Gallium nitride is a transparent, glass-like material that could one day unseat silicon from its position as the backbone of the technology industry and cut energy consumption worldwide. Made up of gallium and nitrogen, gallium nitride is a wide bandgap semiconductor with faster switching speed, higher thermal conductivity and higher breakdown strength than silicon.
All materials have a ‘bandgap’, which relates to how well they conduct electricity. The wide bandgap of GaN allows it to sustain higher voltages than silicon and for the current to run through the device more quickly. That makes GaN electronics more efficient than their silicon counterparts and allows for charging devices that are not only smaller but that also use between 10% and 25% less energy.

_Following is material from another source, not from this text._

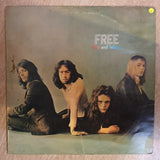 Free ‎– Fire And Water - Vinyl LP Record - Opened  - Fair/Good Quality (F/G) (Vinyl Specials) - C-Plan Audio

How are gallium nitride devices made?
One benefit of the rise in the usage of GaN as a semiconductor is the fact that it can be produced using standard silicon manufacturing procedures and in the same factories that currently produce silicon semiconductors without significant reinvestment. However, it is worth saying that to get the most out of GaN, specialist factories would have to be developed.
As GaN devices are so much more efficient than traditional silicon semiconductors, much smaller GaN devices can deliver the same level of performance as silicon semiconductors. That means many more equivalent GaN devices can be produced per wafer, which reduces the cost of manufacturing and leads to significant savings.
The benefits of gallium nitride
Silicon, which is still the semiconductor of choice for most applications, has plenty going for it. It’s very safe, inexpensive and is compatible with most of our existing semiconductor technologies. However, as devices become more powerful, it’s very quickly reaching its limits, and that’s where the benefits of GaN are really felt.
Innovative power design engineers are now taking advantage of the benefits of GaN to open up new possibilities. The benefits include:
- Reduced energy costs - GaN is inherently more efficient than silicon so less energy is lost as heat. That also leads to smaller sizes and lower material costs.
- Higher breakdown voltage - GaN is ten times more capable of supporting high voltage designs before failing. That makes it superior to silicon in high voltage circuits.
- Higher power density - High operational temperatures and switching frequencies than silicon lead to lower cooling requirements, smaller heat sinks, air cooling rather than liquid cooling and reduced magnetics.
- Higher switching speed - This allows smaller inductors and capacitors to be used in power circuits, reduces the acoustic noise in motor drive applications and enables wireless power transfer at higher powers. The result is a higher level of overall efficiency.
- Lower system costs - Although GaN semiconductors are generally higher cost than silicon, reductions in the size and cost of other components, such as filters, cooling and capacitive circuit elements, lead to typical system savings of 10-20%.
- Higher max operating temperature - GaN is able to operate at higher temperatures with a similar expected lifetime as silicon, or at similar temperatures with a longer life.
What are the applications of gallium nitride?
Gallium nitride has the potential to revolutionise all sorts of power systems. It has long been used in the production of LEDs and RF components but it is now moving to mainstream acceptance across several power switching and conversion applications.
It is finding uses in the mobile phone and laptop industry, with WiFi and GSM signals being transmitted and received using GaN RF devices. It’s also being increasingly used in the chargers and adapters that power these devices. GaN-based products can also increasingly be found in solar power installations.
However, it’s the automotive industry that provides perhaps the biggest growth area for gallium nitride devices. It is becoming the technology of choice for power conversion and fast charging in hybrid and electric cars, providing both a more efficient and more environmentally friendly solution.